Every line from the one holding "2023.11.13_[권ㅇ환 고객님 검수] 루이비통 레플리카 니트" through the one holding "Photo gratuite couple senior sur le banc" in the data below must be returned exactly, both ends included, with pictures left out and nothing else added.

◆ ◆ ◆

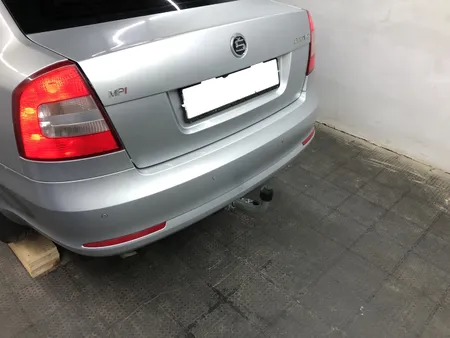 Фаркоп Galia для Skoda Octavia (лифтбек, универсал, вкл. Scout) 2005-2013 S086C в Пермь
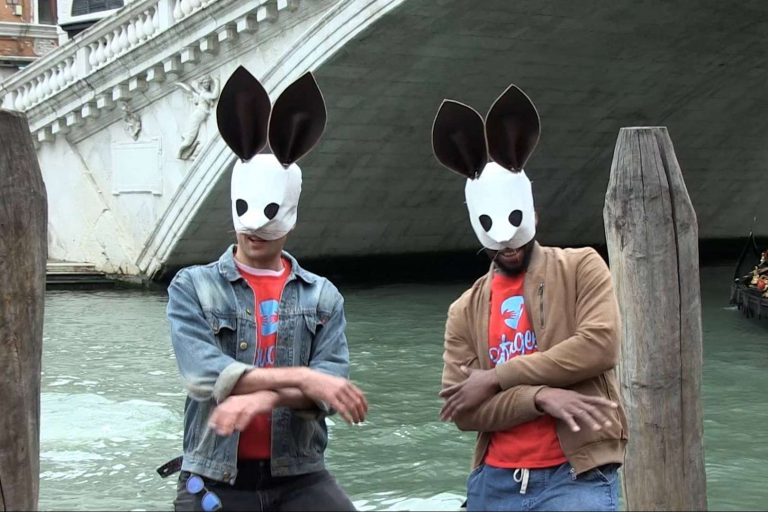 Food Of War presentó “Journey of Labels” en la apertura de la Bienal de Venecia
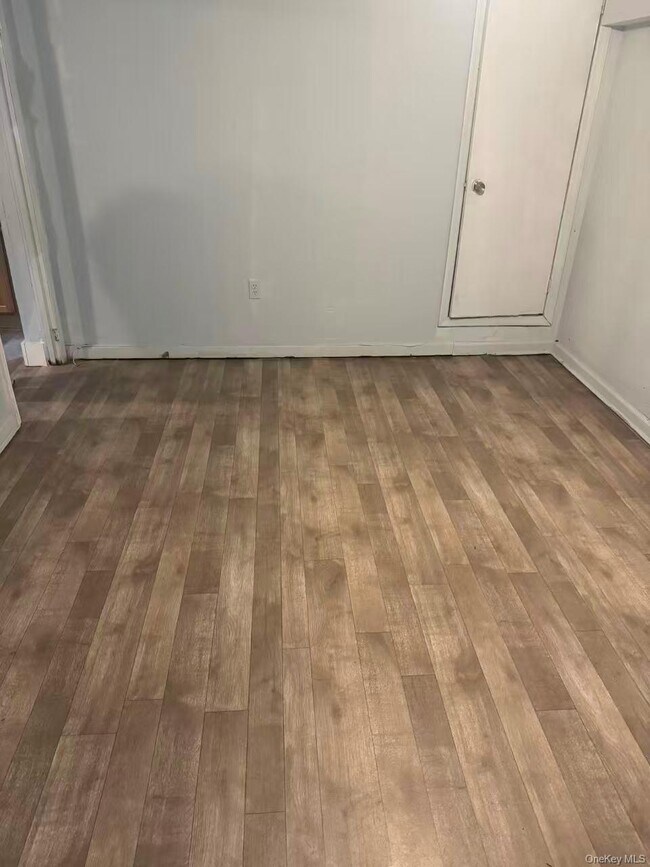 Building Photo - 363 Clarendon Rd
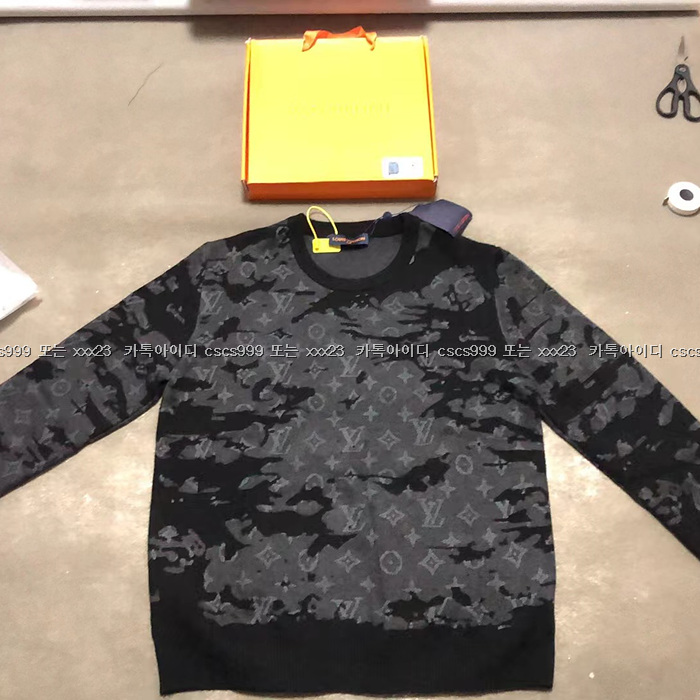 2023.11.13_[권ㅇ환 고객님 검수] 루이비통 레플리카 니트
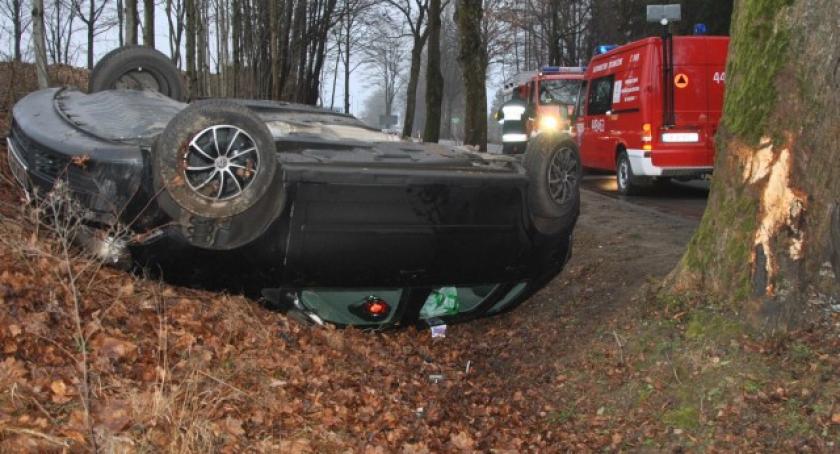 Mojusz. VW uderzył w drzewo i dachował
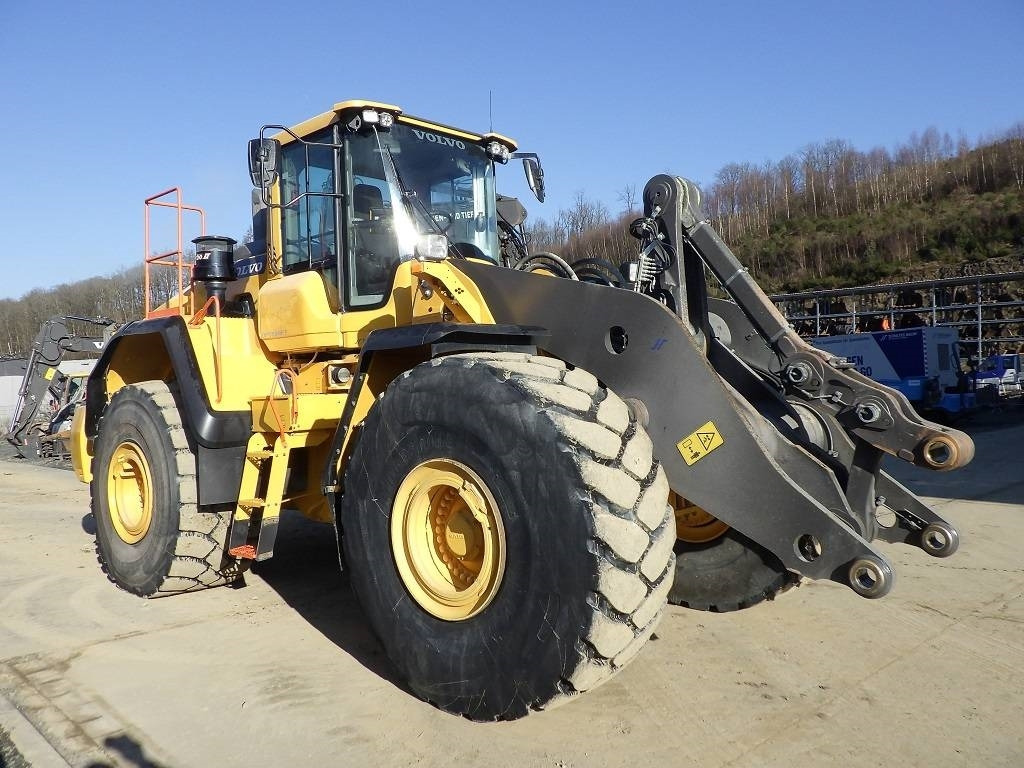 Volvo L 220 H - Колесен товарач: снимка 3 Volvo L 220 H - Колесен товарач: снимка 3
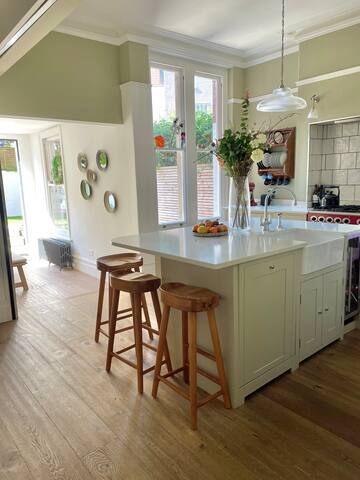 4 bed family house. Redland/Nr the Downs. gallery image 3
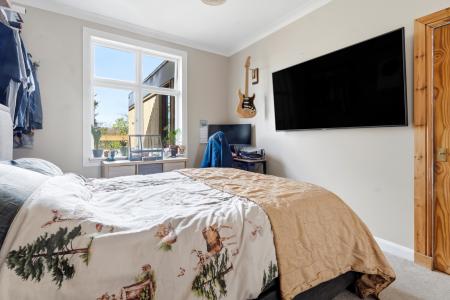 2 bedroom Semi-detached house for sale in Don Terrace, Woodside, Aberdeen, AB24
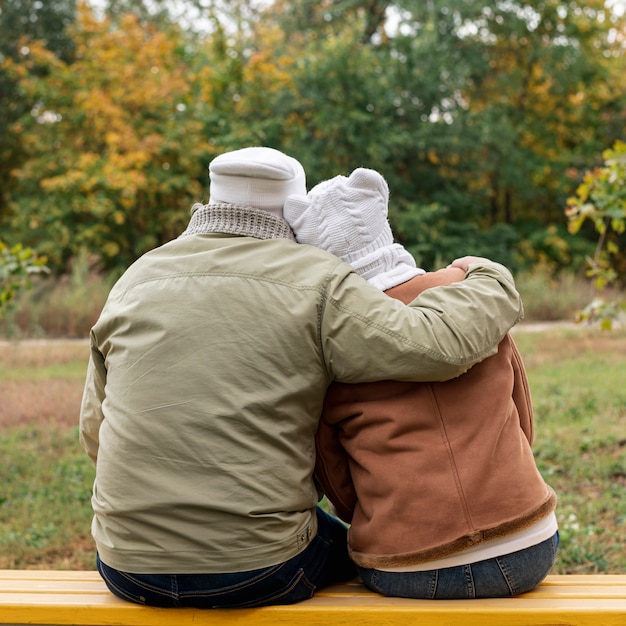 Photo gratuite couple senior sur le banc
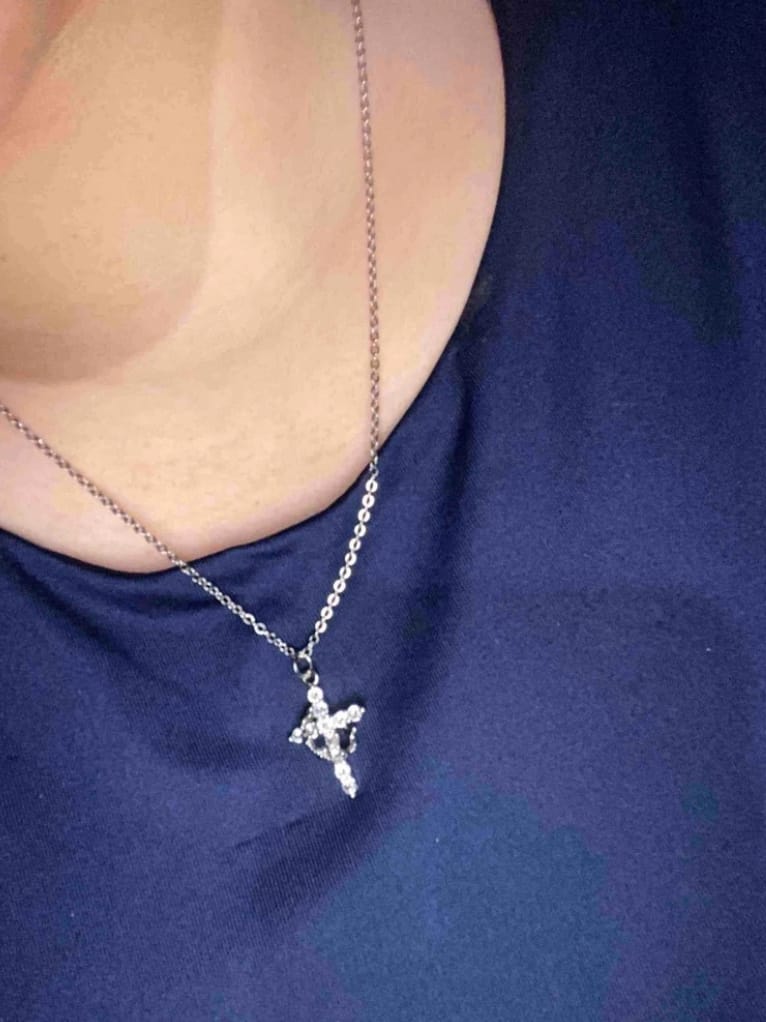 Customer photo review of Collier Croix Couronnée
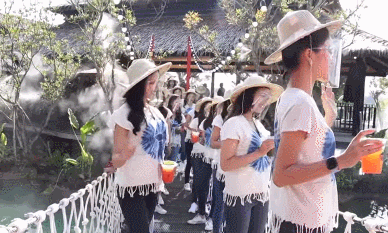 ‘미스 태국’ 30명 출렁 다리서 화보 찍다가 ‘와장창’ 붕괴 (영상)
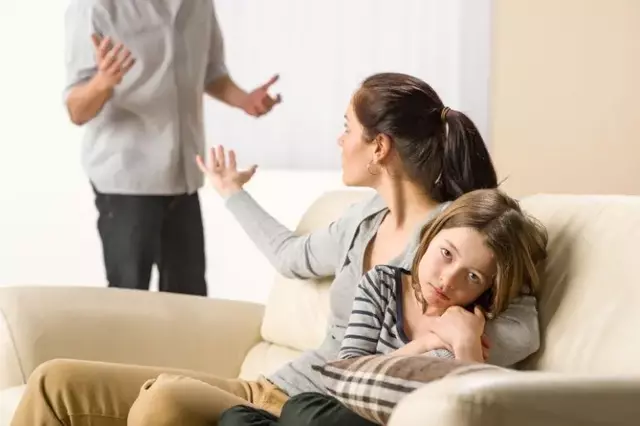 Se debe intentar buscar un equilibrio en la familia, pese al proceso de divorcio. FOTO: Instagram / SomosPsicologos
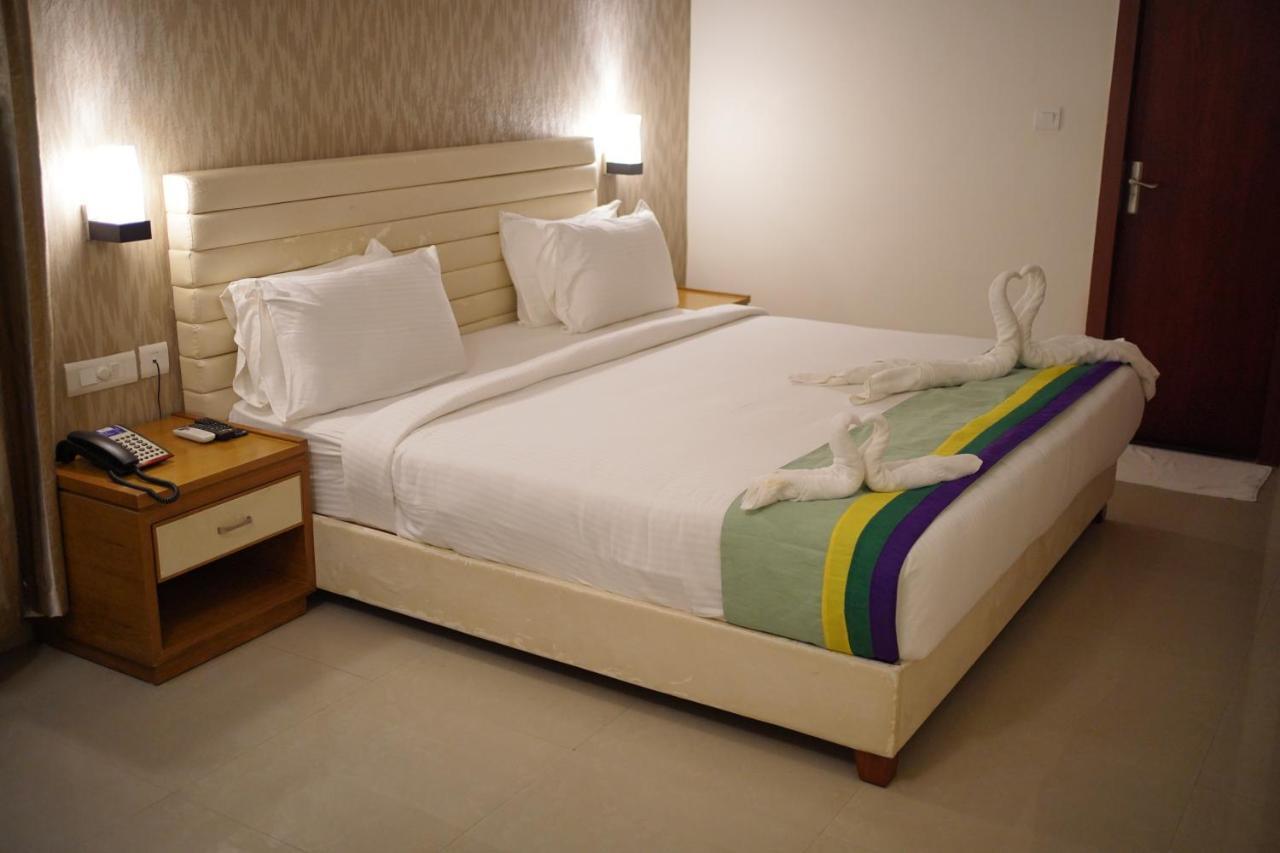 Hotel Palmyra Grand Suite - Kanyakumari Bagian luar foto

◆ ◆ ◆

§ ANSWER TO THIS TASK
 2023.11.13_[권ㅇ환 고객님 검수] 루이비통 레플리카 니트
 Mojusz. VW uderzył w drzewo i dachował
 Volvo L 220 H - Колесен товарач: снимка 3 Volvo L 220 H - Колесен товарач: снимка 3
 4 bed family house. Redland/Nr the Downs. gallery image 3
 2 bedroom Semi-detached house for sale in Don Terrace, Woodside, Aberdeen, AB24
 Photo gratuite couple senior sur le banc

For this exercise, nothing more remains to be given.